### INPUT DATA
- Opening Delimiter -
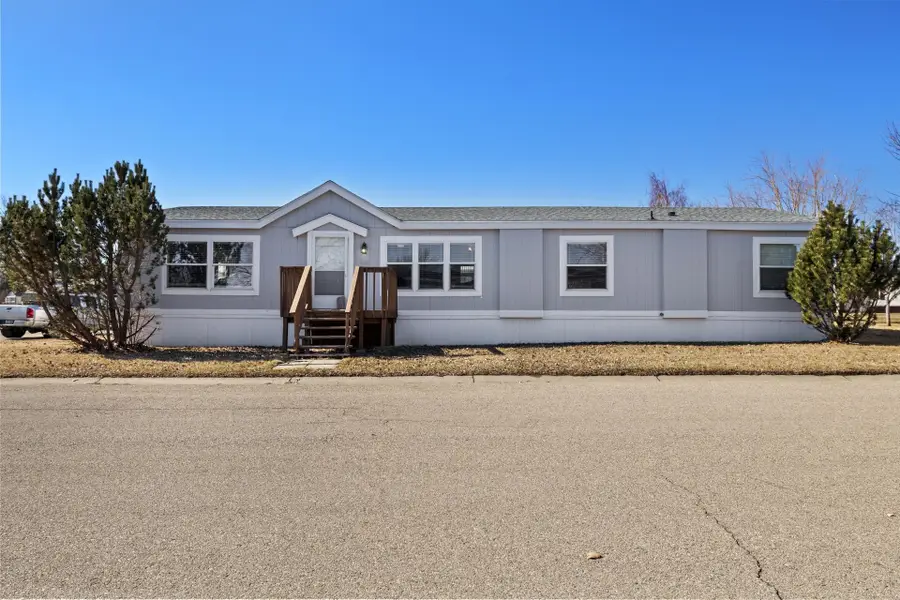 406 31ST AVE SE LOT 426, Minot, ND 58701 - #2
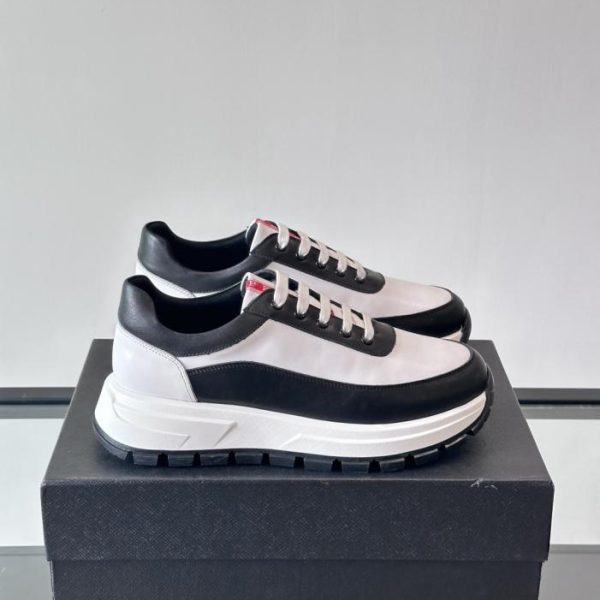 repliche,replica,perfette,siti di,affidabili,migliori siti,dove comprare,1:1,scarpe da ginnastica Contatore / Sneakers casual da uomo PRADA, nuova serie Ultralight (OJRZ4)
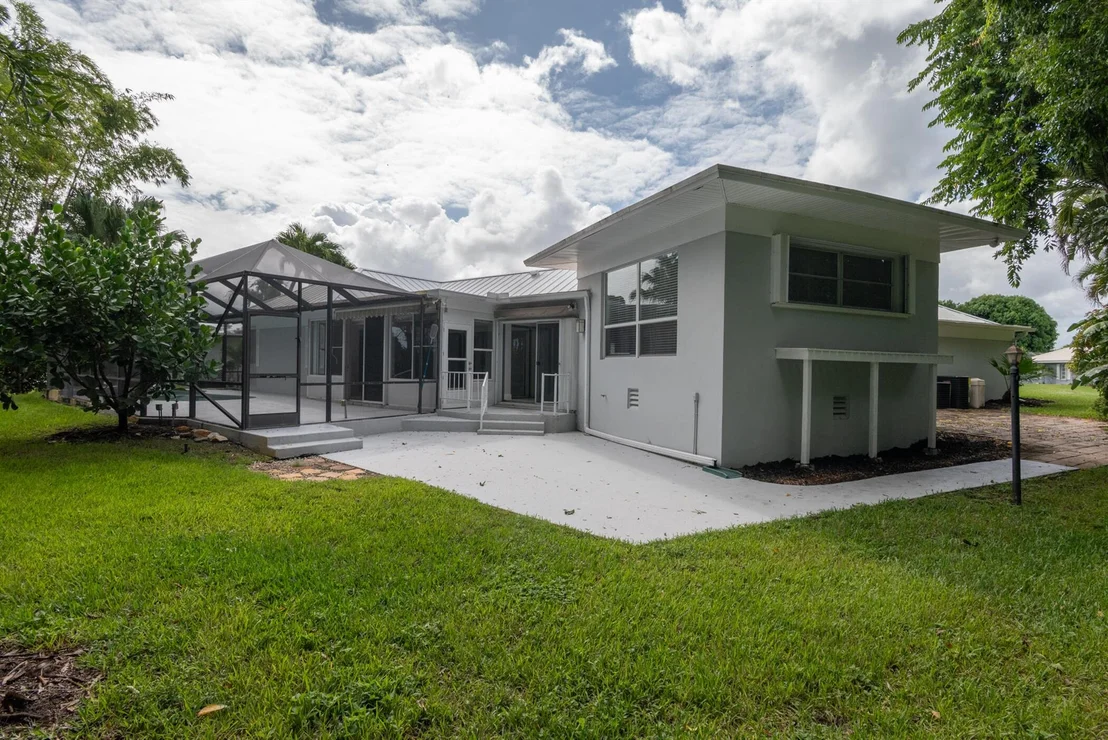 Photo of 3441 SE Court Drive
- Closing Delimiter -
### EXERCISE BRIEF
When you reach an image, pass over it, and retype all other material exactly.

### TASK RESPONSE
 406 31ST AVE SE LOT 426, Minot, ND 58701 - #2
 repliche,replica,perfette,siti di,affidabili,migliori siti,dove comprare,1:1,scarpe da ginnastica Contatore / Sneakers casual da uomo PRADA, nuova serie Ultralight (OJRZ4)
 Photo of 3441 SE Court Drive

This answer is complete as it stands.